Histology and Immunohistochemistry
Immediately after euthanization, contralateral control nerves and grafted nerves were re-moved, weighed, and measured (maximum length and width). Grafts were placed in 4% paraformaldehyde and fixed overnight at 4°C followed by standard paraffin processing. Samples were embedded and 5 µm sagittal sections were collected (from n = 4/group). Sections were stained with hematoxylin and eosin (H&E) or used for immunohistochemistry. Slides were deparaffinized and rehydrated. Antigen retrieval reaction was performed by heating sections in Antigen Unmasking Solution (pH = 6.0, Vector Labs, Newark, CA, USA) in a 100°C water bath for 20 minutes. Endogenous peroxide activity was blocked with BLOXALL solution (Vector Labs). After blocking for 1 h with 5% normal goat serum in PBS, primary antibodies were applied and slides were incubated overnight at 4°C. Primary antibodies used were rabbit anti-phospho-PAK1/2/3 (PA5-101019, S144, S141, S139; 1:120; Invitrogen, Waltham MA, USA), rabbit an-ti-T308pAKT (ab38449, 1:70; Abcam, Cambridge, United Kingdom), rabbit anti-Ki67 (ab16667, 1:200; Abcam) rabbit anti-cleaved caspase-3 (#9664, 1:500; Cell Signaling, Danvers, MA, USA), and rabbit anti-YAP (#14074, 1:200; Cell Signaling) Sections were then washed and the ImmPRESS HRP Anti-Rabbit IgG Polymer Detection Kit (Vector Labs) was used followed by ImmPACT DAB HRP substrate (Vector Labs) to develop a colorimetric (brown) signal.

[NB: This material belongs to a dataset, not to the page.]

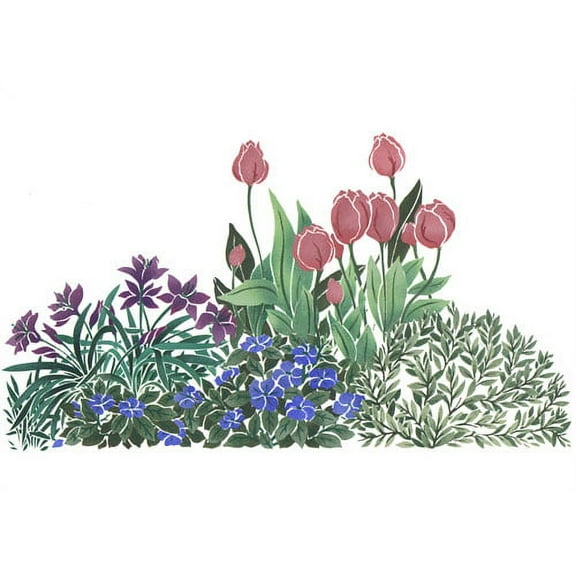 Spring Garden B Wall Stencil - DEE603B by DeeSigns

Sections were counterstained with hematoxylin and mounted with VectraMount Permanent Mounting Medium (Vector Labs). Sections were imaged with a Keyence BZ-X810, selecting several regions of interest (ROI) from each section; images were collected at 400x magnification. Staining was quantified as percent positive area using the IHC toolbox plugin for ImageJ (NIH, v1.53e). At least two sections per sample were used for each protein target, with a minimum of 4 ROIs imaged per section to account for tissue heterogeneity.
Statistics
GraphPad Prism Version 7.04 was used for statistical analysis. One-way analysis of variance (ANOVA) was used to compare IVIS radiance fold change and tumor size between single and combination drug- and vehicle-treated groups. Two-way ANOVA with Bonferroni correction was used to compare treatment groups for cell cycle analysis and violet ratiometric membrane asymmetry assay. Parametric (ANOVA) and non-parametric (Kruskal-Wallis) tests were used for immunohistochemical quantification analysis after testing for normality. Statistical significance was set at p < 0.05.